Your objective: Everything from the line containing "منظم تدفق القهوة دائري | Circular Hopper" through the line containing "DVD - zbierka HORORov 0,65€/ks - 3" in the listing below should be copied exactly, and nothing more.

Available data:
BEGIN

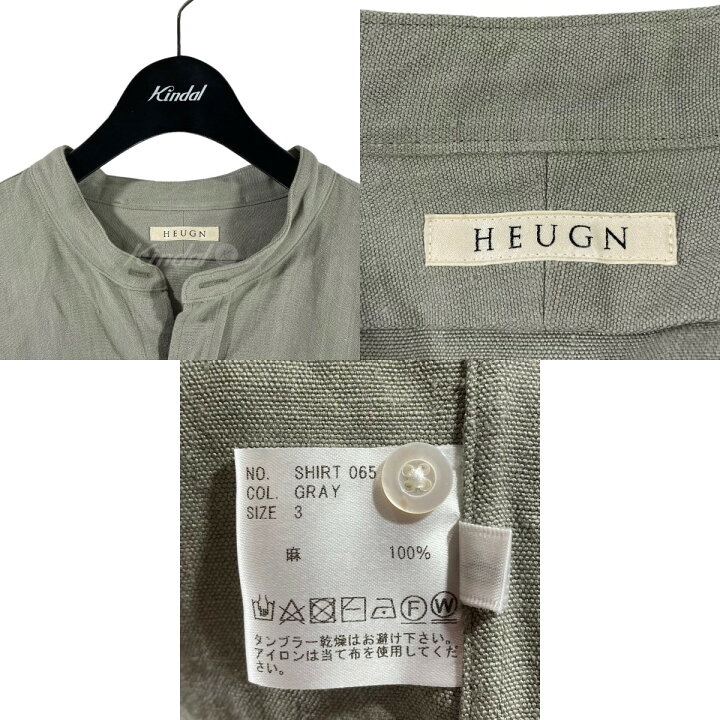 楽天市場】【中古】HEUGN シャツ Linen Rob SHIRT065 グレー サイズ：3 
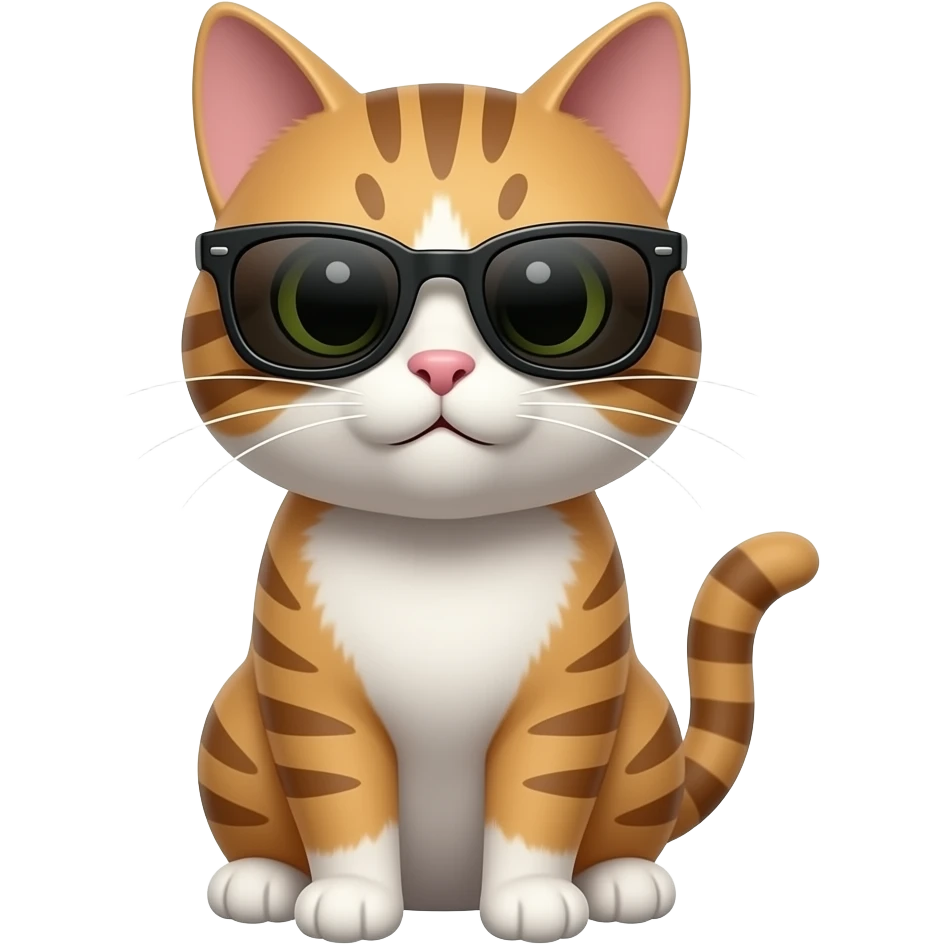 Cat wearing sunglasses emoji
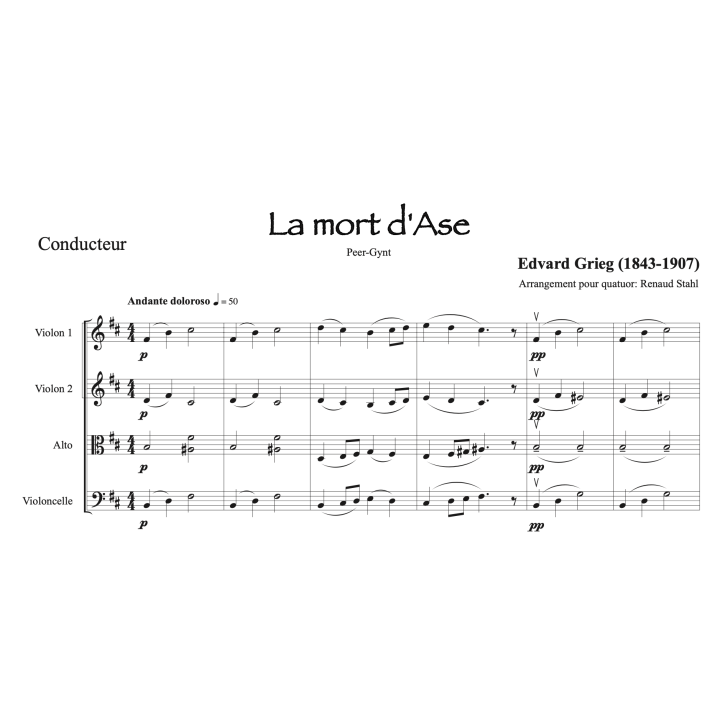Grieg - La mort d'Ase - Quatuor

END
BEGIN

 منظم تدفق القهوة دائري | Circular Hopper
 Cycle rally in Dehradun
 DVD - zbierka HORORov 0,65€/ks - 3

END

Result of this exercise:
 منظم تدفق القهوة دائري | Circular Hopper
 Cycle rally in Dehradun
 DVD - zbierka HORORov 0,65€/ks - 3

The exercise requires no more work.